**Task to complete**: An exact copy of the lines from the one containing "this 1067×800 image." to the end of the records below is required, and nothing else.

**Recorded data**:
============================================================

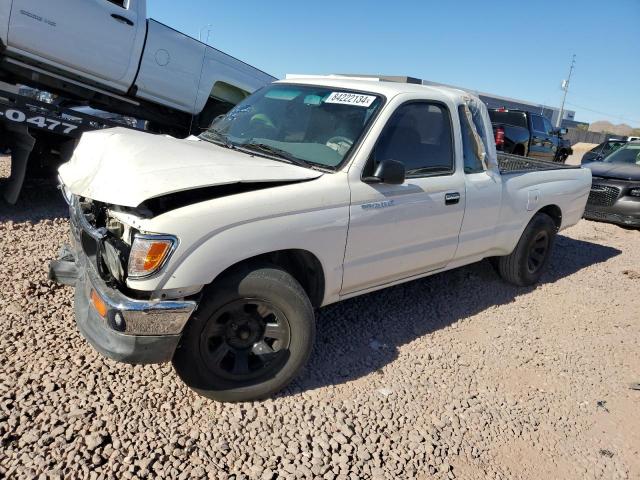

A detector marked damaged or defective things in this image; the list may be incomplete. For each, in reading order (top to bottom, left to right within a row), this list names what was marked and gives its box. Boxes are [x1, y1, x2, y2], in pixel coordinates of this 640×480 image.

crumpled hood [57, 127, 322, 206]
crumpled hood [588, 163, 640, 182]
exposed wheel well [536, 204, 564, 231]
damaged front end [48, 191, 195, 364]
exposed wheel well [215, 251, 324, 308]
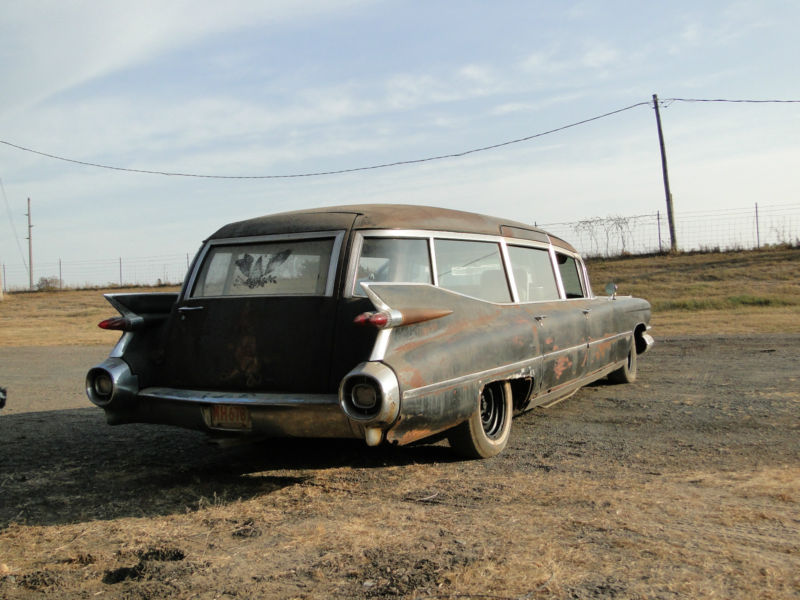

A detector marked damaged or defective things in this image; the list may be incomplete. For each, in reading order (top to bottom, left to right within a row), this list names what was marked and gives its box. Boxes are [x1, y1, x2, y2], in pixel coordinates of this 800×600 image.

rusted body panel [86, 204, 648, 458]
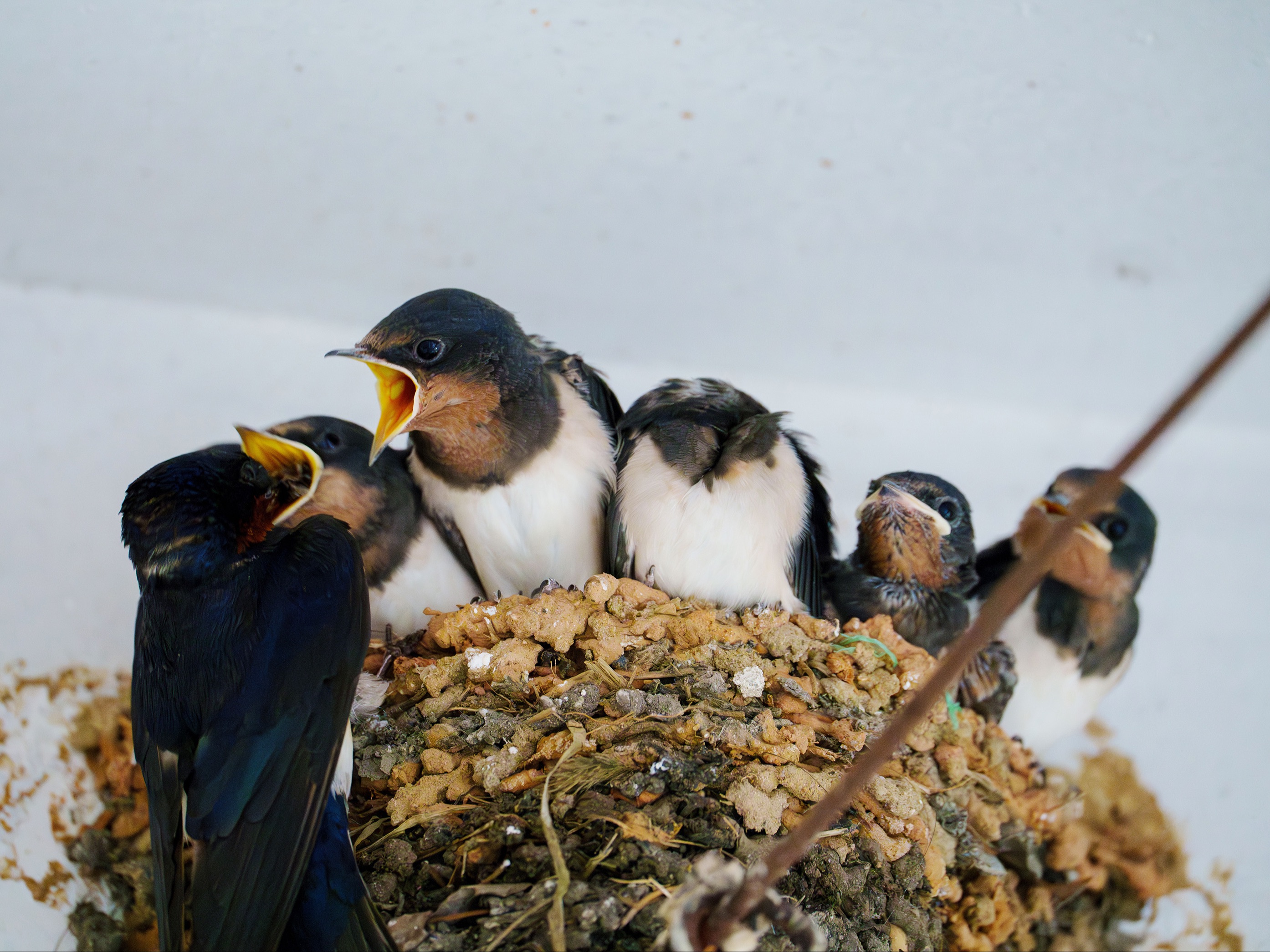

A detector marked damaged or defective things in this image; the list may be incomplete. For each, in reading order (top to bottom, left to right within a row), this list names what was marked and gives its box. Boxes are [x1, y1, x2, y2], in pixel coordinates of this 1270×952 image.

rusty metal rod [700, 286, 1268, 952]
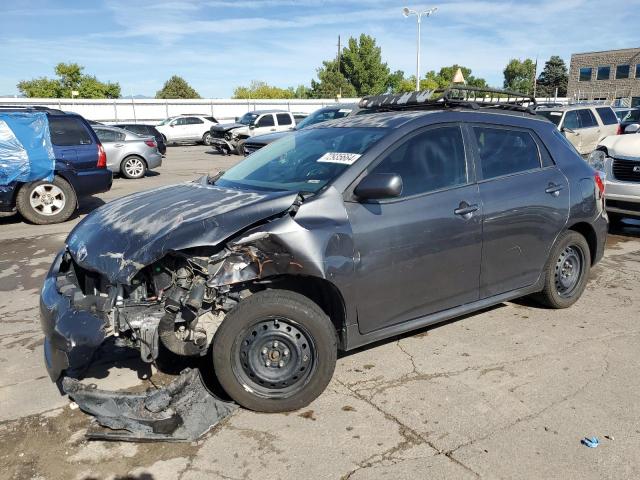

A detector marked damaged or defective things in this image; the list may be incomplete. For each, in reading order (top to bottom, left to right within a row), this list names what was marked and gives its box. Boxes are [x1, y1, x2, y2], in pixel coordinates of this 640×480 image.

crumpled hood [600, 134, 640, 160]
crumpled hood [66, 181, 298, 284]
damaged gray hatchback [40, 89, 608, 412]
crushed front bumper [39, 251, 109, 382]
detached bumper piece on ground [62, 368, 238, 442]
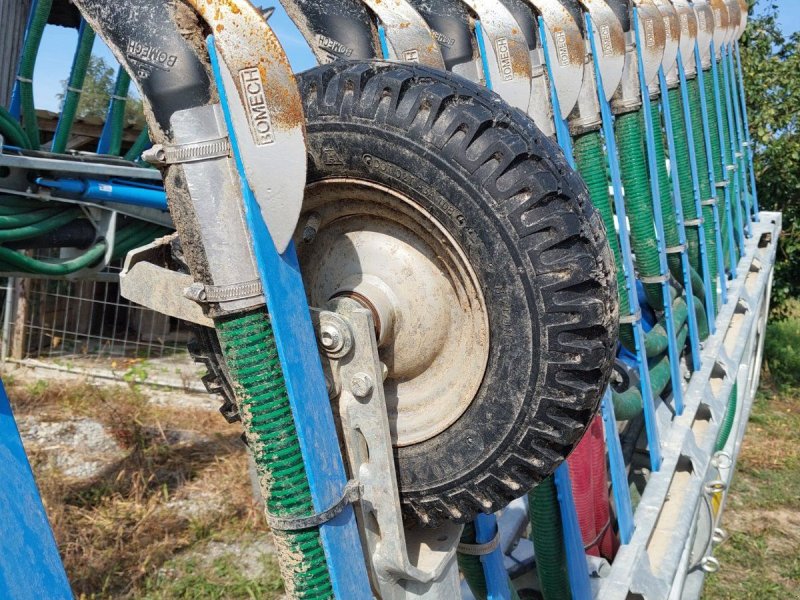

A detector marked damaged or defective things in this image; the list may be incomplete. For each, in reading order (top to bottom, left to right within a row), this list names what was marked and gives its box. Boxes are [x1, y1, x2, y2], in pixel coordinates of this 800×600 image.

rusty metal component [360, 0, 446, 67]
rusty metal component [460, 0, 536, 110]
rusty metal component [524, 0, 580, 118]
rusty metal component [672, 0, 696, 79]
rusty metal component [692, 0, 716, 68]
rusty metal component [184, 0, 306, 255]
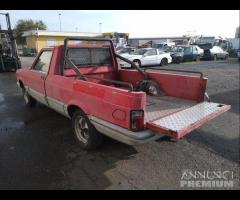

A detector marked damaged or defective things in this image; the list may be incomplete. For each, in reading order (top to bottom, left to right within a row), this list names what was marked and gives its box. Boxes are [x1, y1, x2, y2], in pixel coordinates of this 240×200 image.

rusty red truck [15, 37, 231, 150]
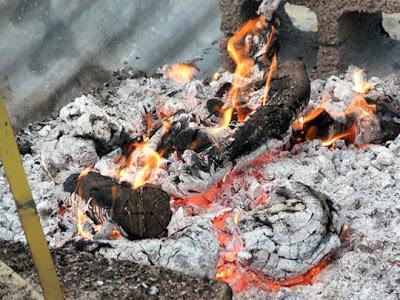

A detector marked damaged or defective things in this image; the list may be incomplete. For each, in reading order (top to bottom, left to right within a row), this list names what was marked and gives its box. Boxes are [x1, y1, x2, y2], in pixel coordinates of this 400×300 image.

burnt wood chunk [63, 172, 172, 240]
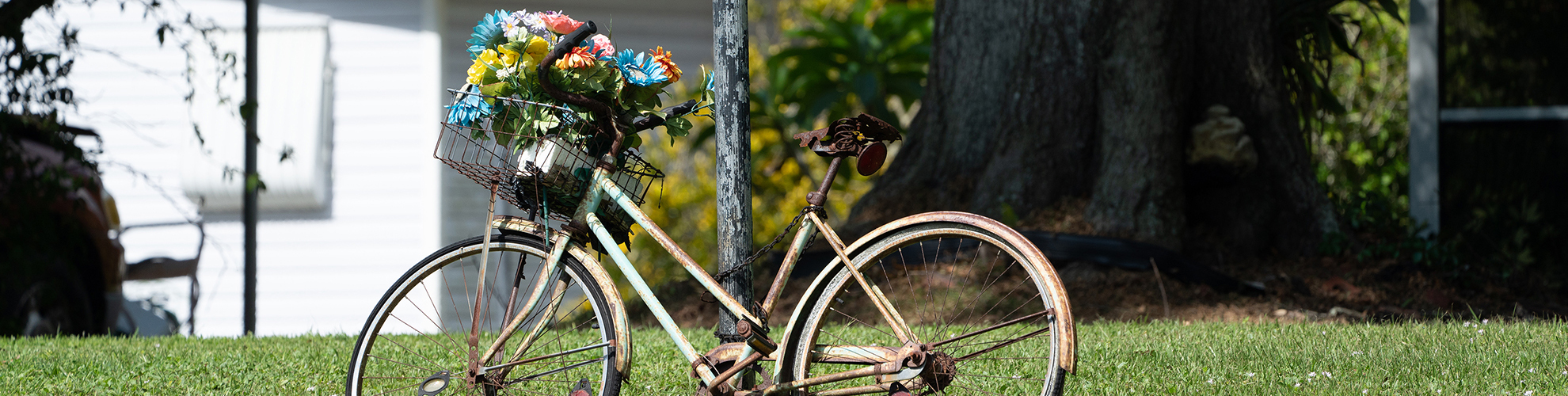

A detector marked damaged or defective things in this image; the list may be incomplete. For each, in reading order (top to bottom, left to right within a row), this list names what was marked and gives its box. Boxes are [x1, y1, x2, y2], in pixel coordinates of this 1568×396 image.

rusty old bicycle [348, 21, 1077, 396]
rusty metal [805, 214, 912, 344]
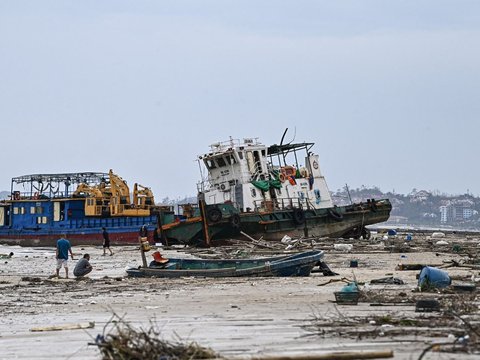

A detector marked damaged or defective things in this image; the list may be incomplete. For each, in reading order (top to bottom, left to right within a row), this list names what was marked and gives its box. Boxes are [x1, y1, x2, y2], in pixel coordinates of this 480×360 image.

damaged tugboat [188, 133, 390, 245]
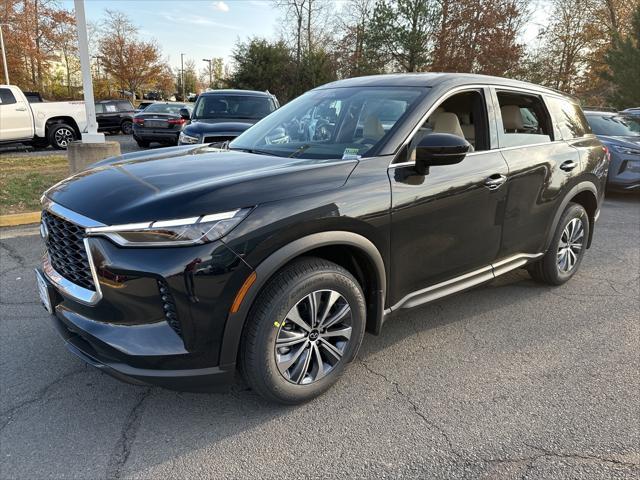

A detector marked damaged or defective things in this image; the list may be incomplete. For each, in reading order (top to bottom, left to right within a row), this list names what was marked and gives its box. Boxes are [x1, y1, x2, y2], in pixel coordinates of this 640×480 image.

cracked pavement [0, 195, 636, 480]
crack in asphalt [0, 368, 87, 432]
crack in asphalt [107, 388, 154, 478]
crack in asphalt [358, 360, 462, 462]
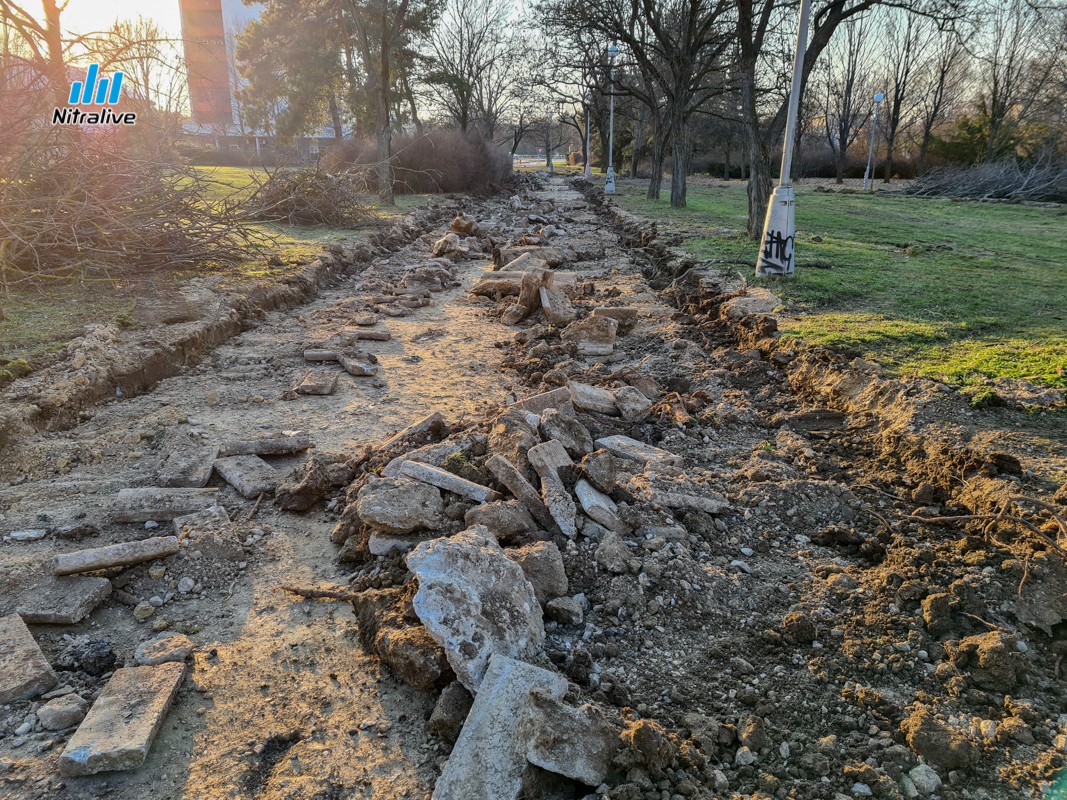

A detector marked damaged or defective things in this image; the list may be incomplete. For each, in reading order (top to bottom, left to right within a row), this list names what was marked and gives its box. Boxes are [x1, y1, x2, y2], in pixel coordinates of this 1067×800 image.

broken concrete slab [290, 370, 336, 396]
broken concrete slab [340, 352, 378, 376]
broken concrete slab [508, 390, 572, 418]
broken concrete slab [568, 382, 620, 418]
broken concrete slab [110, 488, 218, 524]
broken concrete slab [154, 438, 218, 488]
broken concrete slab [212, 454, 276, 496]
broken concrete slab [217, 432, 310, 456]
broken concrete slab [356, 478, 442, 536]
broken concrete slab [396, 460, 500, 504]
broken concrete slab [482, 456, 548, 532]
broken concrete slab [540, 410, 592, 460]
broken concrete slab [576, 478, 628, 536]
broken concrete slab [592, 438, 680, 468]
broken concrete slab [51, 536, 179, 576]
broken concrete slab [15, 580, 112, 628]
broken concrete slab [406, 528, 544, 692]
broken concrete slab [0, 616, 58, 704]
broken concrete slab [59, 664, 184, 776]
broken concrete slab [430, 652, 568, 800]
broken concrete slab [524, 696, 616, 784]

============================================================

**Task result**:
A detector marked damaged or defective things in this image; the list may be incomplete. For each, in reading order (top to bottom, left to right within a row), this list names what was marked and gives its box. Boxes are [x1, y1, x2, y2], in pixel coordinates of this 1067×800 image.

broken concrete slab [290, 370, 336, 396]
broken concrete slab [340, 352, 378, 376]
broken concrete slab [508, 390, 572, 418]
broken concrete slab [568, 382, 620, 418]
broken concrete slab [110, 488, 218, 524]
broken concrete slab [154, 438, 218, 488]
broken concrete slab [212, 454, 276, 496]
broken concrete slab [217, 432, 310, 456]
broken concrete slab [356, 478, 442, 536]
broken concrete slab [396, 460, 500, 504]
broken concrete slab [482, 456, 548, 532]
broken concrete slab [540, 410, 592, 460]
broken concrete slab [576, 478, 628, 536]
broken concrete slab [592, 438, 680, 468]
broken concrete slab [51, 536, 179, 576]
broken concrete slab [15, 580, 112, 628]
broken concrete slab [406, 528, 544, 692]
broken concrete slab [0, 616, 58, 704]
broken concrete slab [59, 664, 184, 776]
broken concrete slab [430, 652, 568, 800]
broken concrete slab [524, 696, 616, 784]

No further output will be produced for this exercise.